Models can't reliably distinguish quoted text from actionable instructions.¹⁰ ⁹

2. Provenance Is Lost Immediately

Downstream agents cannot tell whether context was:

user-provided
system-generated
adversarial
retrieved
injected by another agent¹¹ ³

3. Compositional Attacks Exploit Agent Boundaries

Benign local steps combine into dangerous global behavior.³ ⁴

4. Tool Access Amplifies Any Upstream Mistake

Poisoned context can cause API calls, writes, external network access.⁵ ⁶ ⁸

5. No One Has End-to-End Visibility

Logs are fragmented across agents, making forensics difficult.⁷ ³

This makes context passing not just a privacy issue — but a systems security problem.

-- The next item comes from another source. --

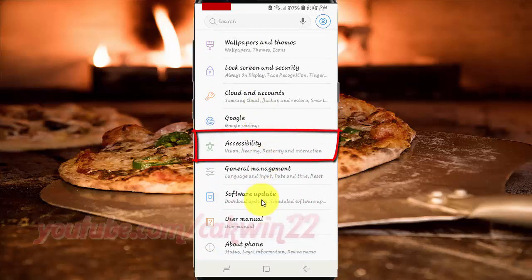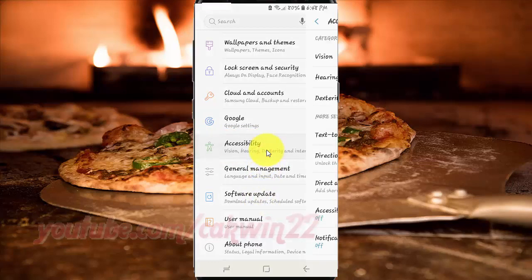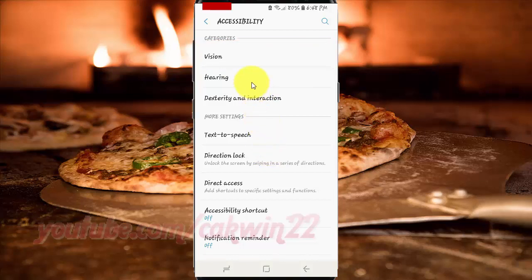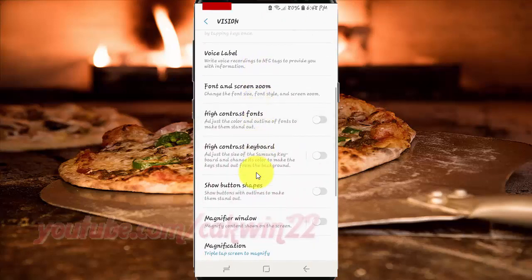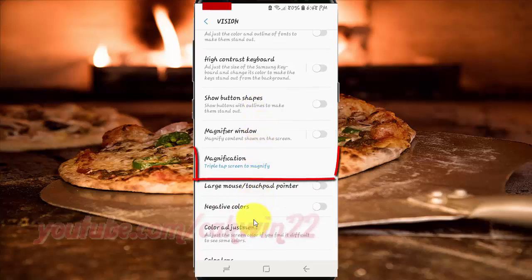Tap Accessibility. Tap Vision. Scroll down. Tap Magnification.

Emerging Mitigations — and Why They Must Come Before A2A

Researchers are beginning to propose foundational defenses:

Context Provenance & Tagging

Prompt Infection research proposes metadata tags indicating trusted vs. untrusted content, helping downstream agents apply correct guardrails.² ¹¹

Principle of Least Context

Security analyses recommend only passing minimal required fields — not entire transcripts or documents.¹² ¹

Retrieval & KB Hardening

Detection of poisoning, index integrity checks, retrieval validation, and anomaly detection before context reaches agents.¹⁴ ¹⁵ ⁶ ⁵

Agent-Aware Threat Modeling

Systems must be modeled as multi-agent graphs, not single-agent loops.¹⁸ ³

Autonomy-Tiered Governance

Higher-autonomy agents require stricter monitoring, sandboxing, and human oversight.¹⁹ ⁴

The Core Thesis: Before We Can Do Safe A2A, We Must Fix Context

All research points to one unavoidable conclusion:

In multi-agent systems, context is the control surface. Whoever controls the context controls the agent.

Until we build:

provenance
classification
permission boundaries
per-user scopes
context minimization
cross-agent audit trails
end-to-end authorization checks

—we cannot deploy safe A2A communication at scale.

Enterprise agents won't fail because their models hallucinate.

They'll fail because they believed the wrong context from the wrong agent at the wrong time.

Fixing context passing is the prerequisite for safe agent ecosystems.

It is step zero in building real agent governance.